▶ _What the task requires_
The stretch wanted below opens at the line containing "If they paid" and closes at the line containing "So when we have". Please return it exactly, with no other lines.

▶ _Recorded data_

• • •

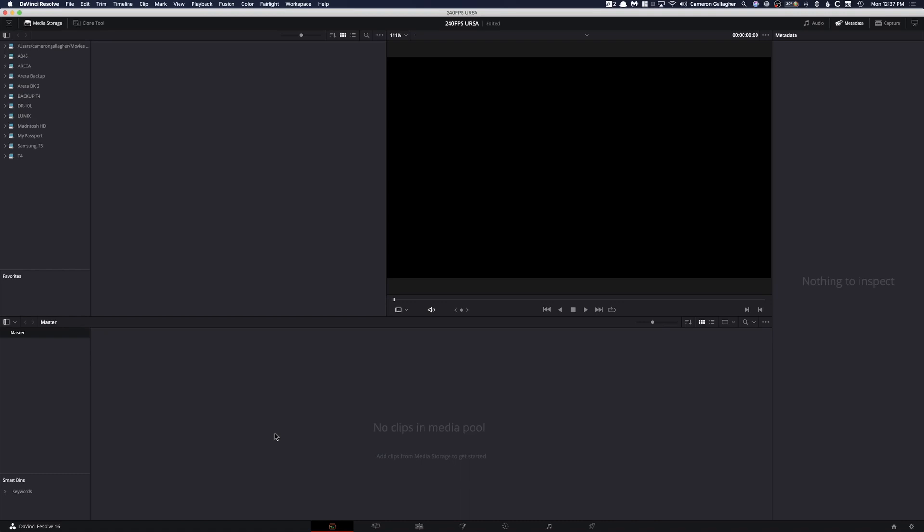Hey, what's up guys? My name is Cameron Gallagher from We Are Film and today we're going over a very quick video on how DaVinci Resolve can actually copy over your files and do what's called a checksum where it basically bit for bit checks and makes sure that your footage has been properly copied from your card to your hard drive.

• • •

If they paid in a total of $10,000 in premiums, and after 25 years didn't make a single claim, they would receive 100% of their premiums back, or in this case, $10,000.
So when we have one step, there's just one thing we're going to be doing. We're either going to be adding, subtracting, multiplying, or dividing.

• • •

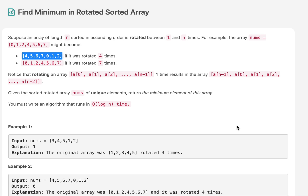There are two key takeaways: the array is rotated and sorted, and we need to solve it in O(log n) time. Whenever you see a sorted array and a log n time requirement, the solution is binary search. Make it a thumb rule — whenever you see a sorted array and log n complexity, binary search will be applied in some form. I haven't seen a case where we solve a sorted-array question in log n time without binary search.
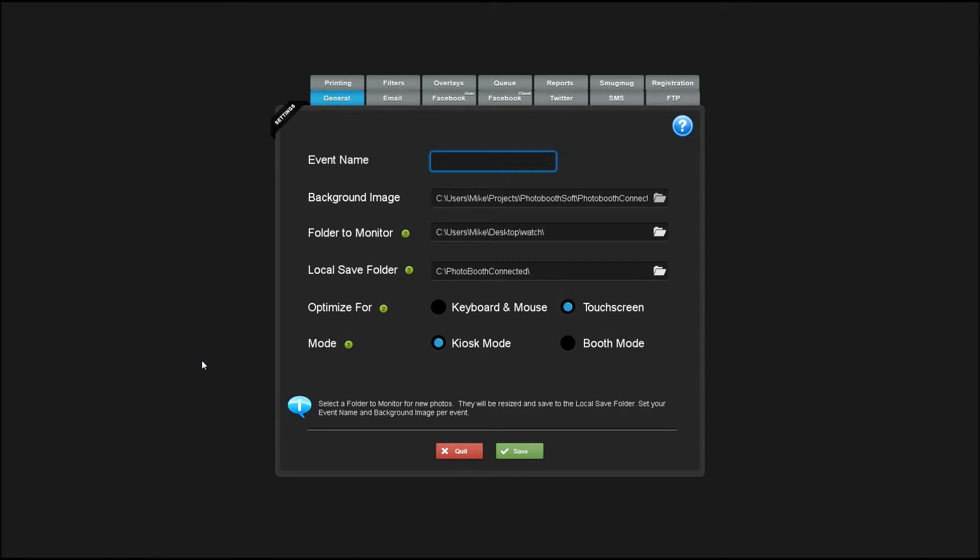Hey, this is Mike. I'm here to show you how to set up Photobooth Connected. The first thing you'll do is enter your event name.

• • •

▶ _Answer below_
If they paid in a total of $10,000 in premiums, and after 25 years didn't make a single claim, they would receive 100% of their premiums back, or in this case, $10,000.
So when we have one step, there's just one thing we're going to be doing. We're either going to be adding, subtracting, multiplying, or dividing.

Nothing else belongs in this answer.